PGI User Forum
 SearchSearch   MemberlistMemberlist     RegisterRegister   ProfileProfile    Log inLog in 

CUDA-x86.

invalid device function
Goto page 1, 2  Next
 
Post new topic   Reply to topic    PGI User Forum Forum Index -> Accelerator Programming
View previous topic :: View next topic  
Author Message
mcoffey



Joined: 26 Mar 2011
Posts: 16

PostPosted: Sun Oct 02, 2011 4:43 am    Post subject: invalid device function Reply with quote

Im getting error mesages from my CUDA card that Im finding it all but impossible to solve. After 4 weeks I am a failure. The card is a Quadro FX 1600M that im using to develop with. Im aware its a cc11 and thye second message is related to it being less thatn cc13 but I dont know what the error relates to and how to get round it (if indeed I can). Is it simply that I cant call kernels on this card?

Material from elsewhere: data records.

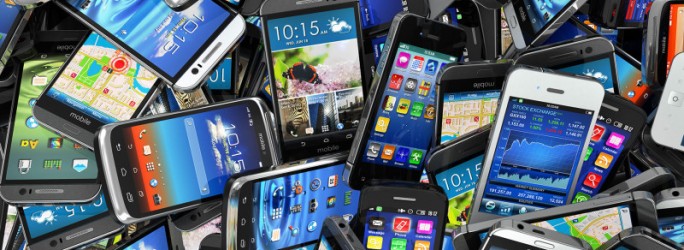 smartphones
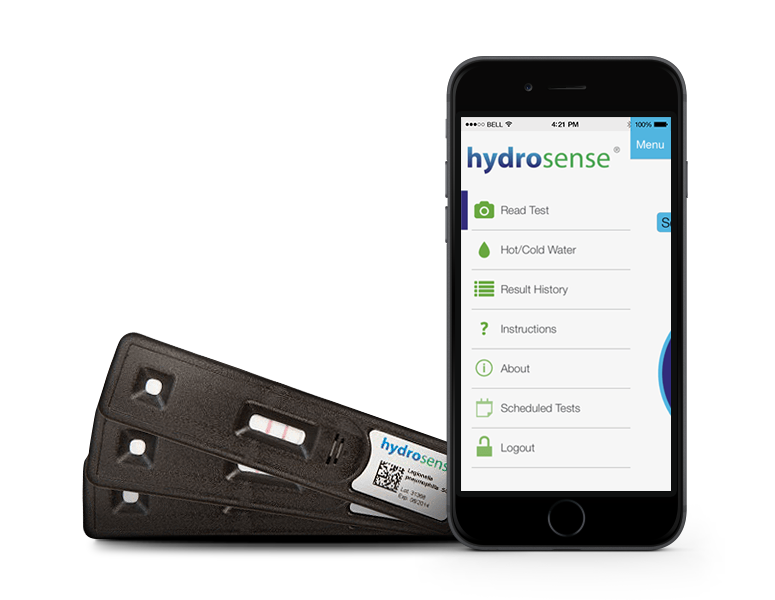 HYDROSENSE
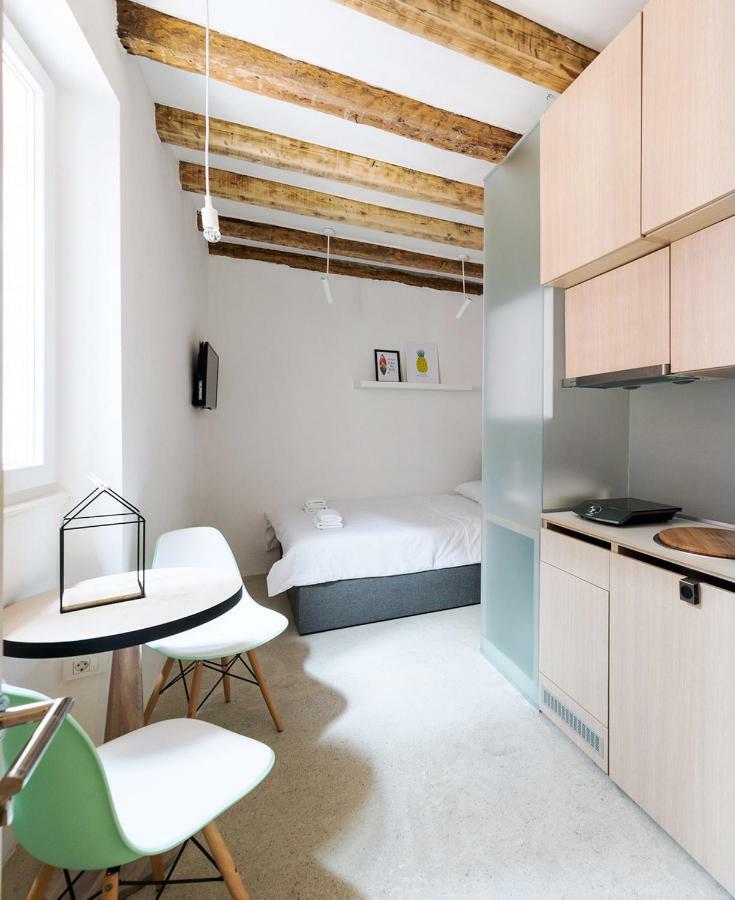 Labum Accommodation Izola Ngoại thất bức ảnh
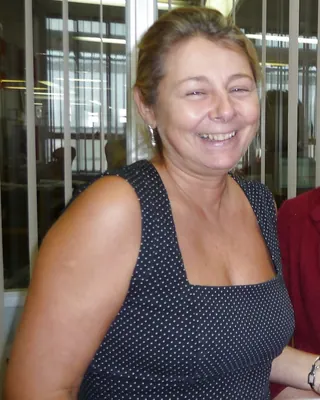 Paule, 47 ans, cougar à Bohain-en-Vermandois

Im simply trying to run the example mmul from the manual.

I compile with
pgfortran.exe -V -ta=nvidia:cuda4.0,nofma,time,wait -Mconcur -Mvect -Mcuda=cc11,ptxinfo -mp -Mchkfpstk -Mipa=fast,inline -Mpfi -Minfo -o mgeno2_MC.exe mgeno2_MC.f90


the error message I get is
42
limit is not supported on this architecture
when i execute this line
Cdev = Csub(1:N,1:L)

and
8
invalid device function

Error! Kernel failed!
when calling the kernel
call mmul_kernel<<<dimGrid>>>( Adev, Bdev, Cdev, N, M, L )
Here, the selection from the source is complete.